Many, if not most, generative AI tech vendors argue that fair use entitles them to train AI models on copyrighted material scraped from the internet — even if they don’t get permission from the rightsholders. But some vendors, such as OpenAI, are hedging their bets — perhaps wary of the outcome of pending relevant lawsuits.
OpenAI today announced that it’s reached an agreement with Axel Springer, the Berlin-based owner of publications including Business Insider and Politico, to train its generative AI models on the publisher’s content and add recent Axel Springer-published articles to OpenAI’s viral AI-powered chatbot ChatGPT.
It’s OpenAI’s second such arrangement with a news organization after the startup said that it would license some of the The Associated Press’ archives for model training.
Going forward, ChatGPT users will get summaries of “selected” articles from Axel Springer’s publications — including stories normally gated behind a paywall. The snippets will be accompanied both by attribution and links to the full articles.
In return, Axel Springer will procure payments of an unspecified size and frequency from OpenAI. The deal is valid for several years, and — while it doesn’t commit either side to exclusivity — Axel Springer says that it’ll preserve the outlet’s existing AI-driven ventures “that build upon OpenAI’s technology.”
“We’re excited to have shaped this global partnership between Axel Springer and OpenAI — the first of its kind,” Axel Springer CEO Mathias Döpfner said in a canned statement. “We want to explore the opportunities of AI-empowered journalism — to bring quality, societal relevance and the business model of journalism to the next level.”
Outside of the publishers tapping generative AI for questionable content strategies, publishers and generative AI vendors have a testy relationship, with the former alleging copyright infringement and increasingly concerned about generative models cannibalizing traffic. For example, Google’s new generative AI-powered explore go through, called SGE, has pushed links that appear in traditional explore advance down explore results pages — potentially reducing traffic to those links by as much as 40%.
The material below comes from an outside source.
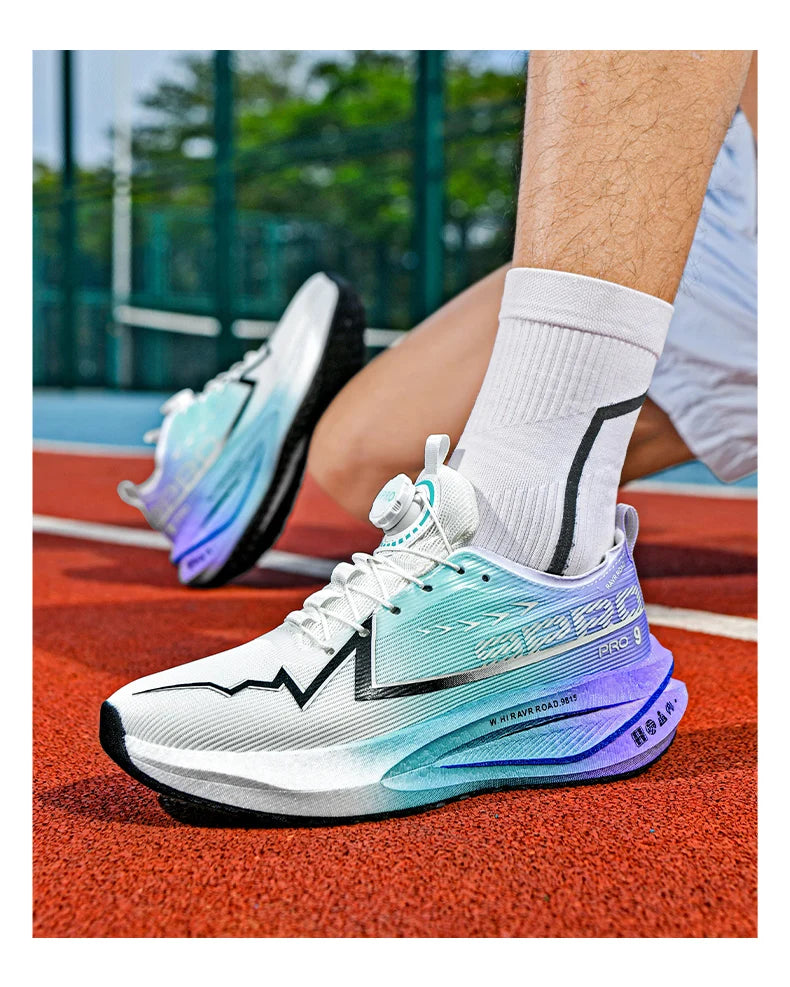 Męskie buty do biegania na co dzień, maratonowe, sportowe, z wkładką z włókna węglowego, oddychające, lekkie, damskie, wygodne, sportowe, antypoślizgowe trampki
Publishers also object to vendors training their models on content without compensation agreements in place — particularly in light of reports that tech giants including Google are experimenting with AI tools to summarize news. According to one recent survey, hundreds of news organizations are now using code to impede OpenAI, Google and others from scanning their websites for training data.
In August, several media organizations including Getty Images, The Associated Press, the National Press Photographers Association and The Authors Guild published an open letter calling for more transparency and copyright protection in AI. In the letter, the signatories urged policymakers to consider regulations that necessitate transparency into training datasets and allow media companies to negotiate with AI model operators, among other suggestions.
“[Current] practices impair the media industry’s core business models, which are predicated on readership and viewership (such as subscriptions), licensing, and advertising,” the letter reads. “In addition to violating copyright law, the resulting impact is to meaningfully reduce media diversity and impair the financial viability of companies to invest in media coverage, advance reducing the public’s access to high-quality and trustworthy information.”